Alternately, I can train myself to rejoice in my own qualities, to really look at what I have as valuable, and to view my life as valuable. However small my contribution is, whatever good thought I have, or small kindness I bestow on another being, I can rejoice in that small virtue. Little by little, drop by drop, I can slowly transform my attitude, so that I no longer feel anguished. As my own attitude changes, I will become more a capable, and I will be able to reach out to others in more meaningful ways. I can also aid others in their quest to become relieved of their own suffering.

So it is through my own pain that I have come to discover greater truths, and that I have come into contact with Tibetan people. My fortune is truly great, indeed.

Tuesday, October 28, 2008

Solitude


Yesterday I translated a Dutch film of a woman from CuraƧao who's been on welfare since coming here in the early nineties. She has three children, one of them a severely mentally disabled teenage boy, who is unable even to use the toilet.

It was an interesting job. In the process of doing it, I indentified with her as a mother trying to raise children in The Netherlands with virtually no support from the native population.

I've said before that coming here has helped me to better understand what it's like to be a minority, and what it's like to be discriminated against. I guess that's a valuable lesson in itself that I should be thankful for, but it still can never subtract all of the lonely hours I've spent here, or the depression that's been its result. I'm a lot stronger now, even though my strength hasn't translated into acceptance here on the "home" front.

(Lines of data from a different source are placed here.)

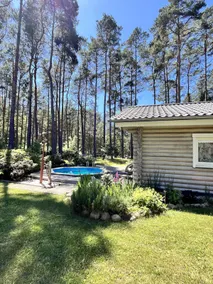 Cozy log cabin with sauna and pool - Image 3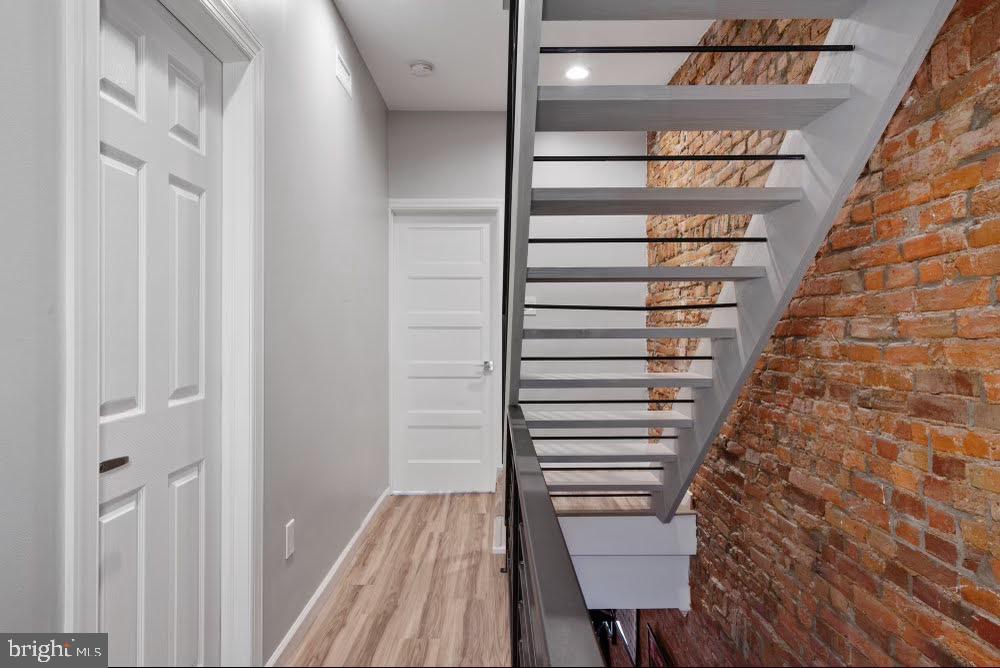 FAIRMOUNT - Residential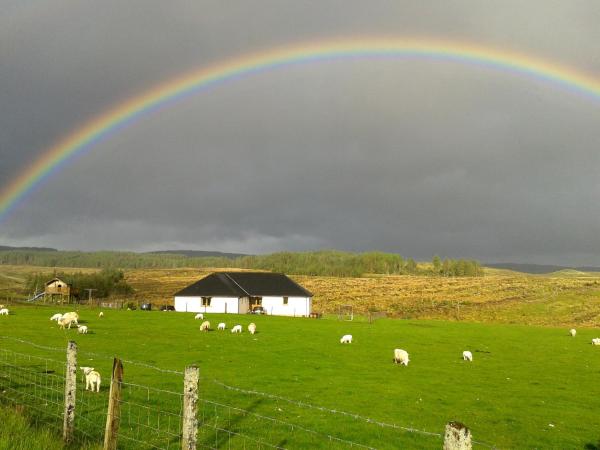 House On The Falls - Skye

There was an article last week in the NRC Handelsblad (the most reputable Dutch paper, that uses as its model the New York Times) about research done by an English expat. He found out that most people who come to Amsterdam to work leave after only a few years because they find the social climate too harsh and unaccepting. This goes even for people who do their utmost to speak the language, and to "fit in," and "integrate." Even people, unlike me, who earn a lot, live in Amsterdam in a nice house, and have respectable careers end up feeling shut out of the Dutch culture. It leaves me wondering if there's much hope at all. They all wind up in expat groups, like so many, complaining about the Dutch. How familiar.

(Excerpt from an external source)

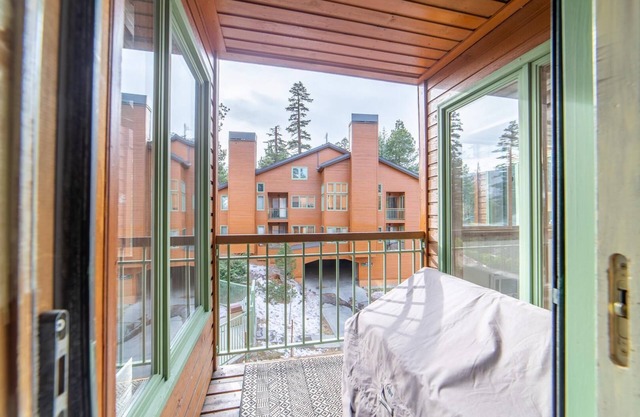 Walk to Ski, Modern, Rustic Mammoth Condo w/ Mountain Views & Spa - #490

About a year ago I decided to combat my isolation by becoming an acestic. I decided that there had to be another way of breaking through the boundaries of my life, and I knew that it wasn't going to come from the outside. In the end, I have to become responsible to an internal self that isn't reliant on other people's reactions or acceptance, which isn't very forthcoming at all. There are some very nice people out there, but the little time we spend together has never been enough to sustain the vastness of the loneliness I feel when the warmth of their presence has gone.

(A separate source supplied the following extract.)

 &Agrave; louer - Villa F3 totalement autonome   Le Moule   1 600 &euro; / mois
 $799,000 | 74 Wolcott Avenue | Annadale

In Zen, solitude is wisdom. Solitude, loneliness and isolation aren't the same things. Solitude brings with it a sense of peace and tranquility. Isolation is turbulent and disparaging. Isolation is unbearably stressful and can lead to various psychological ailments.

I keep reminding myself that I am grateful to the pain I've experience because it led me to what I am doing now, which is following the vajrasattva path of Tibetan Buddhism, and it is a source of learning.

I haven't come that far on the path, but when I am meditating consistently, I am more positive, at peace with myself and the world around me.